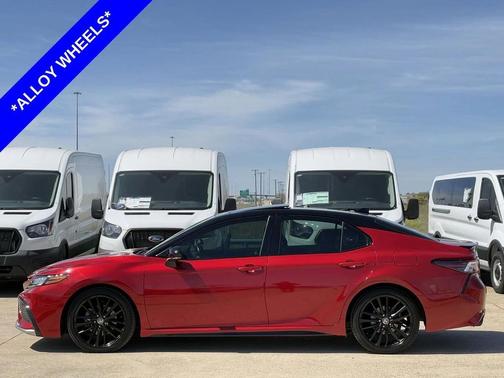 2021 Toyota Camry XSE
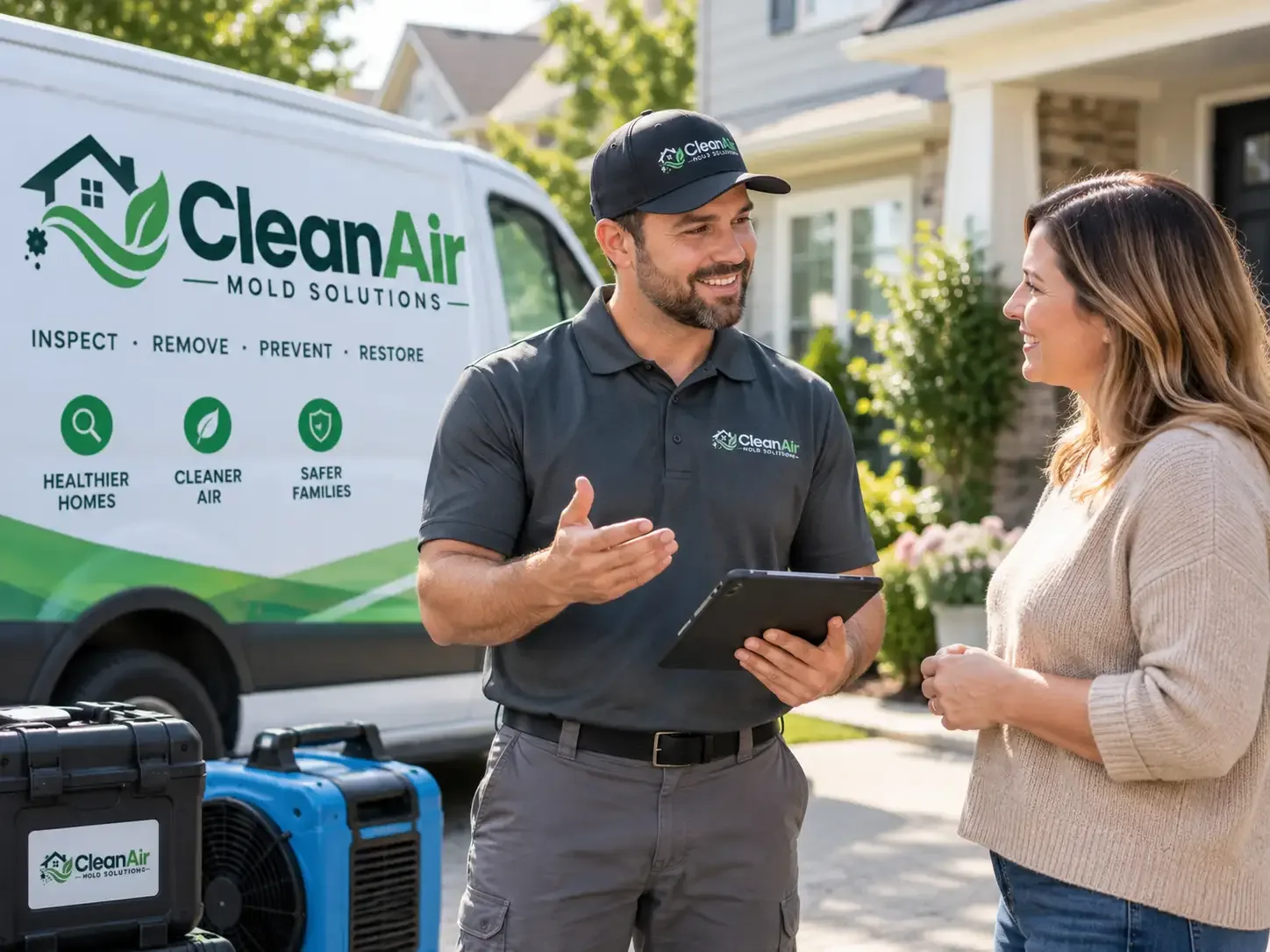 Mold Remediation Carson, IA FAQs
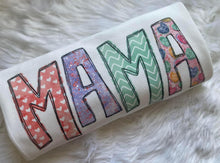 Load image into Gallery viewer, Vday MAMA Hearts on sleeve Sweatshirt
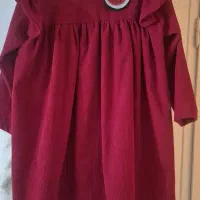 لباس یلدایی مناسب ۴تا ۵ سال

* **WHAT IS EXPECTED**: Reproduce the material above exactly, but only from the line with "Mold Remediation Carson, IA FAQs" through its last line, leaving pictures out.

* **TASK RESULT**:
 Mold Remediation Carson, IA FAQs
 Load image into Gallery viewer, Vday MAMA Hearts on sleeve Sweatshirt
 لباس یلدایی مناسب ۴تا ۵ سال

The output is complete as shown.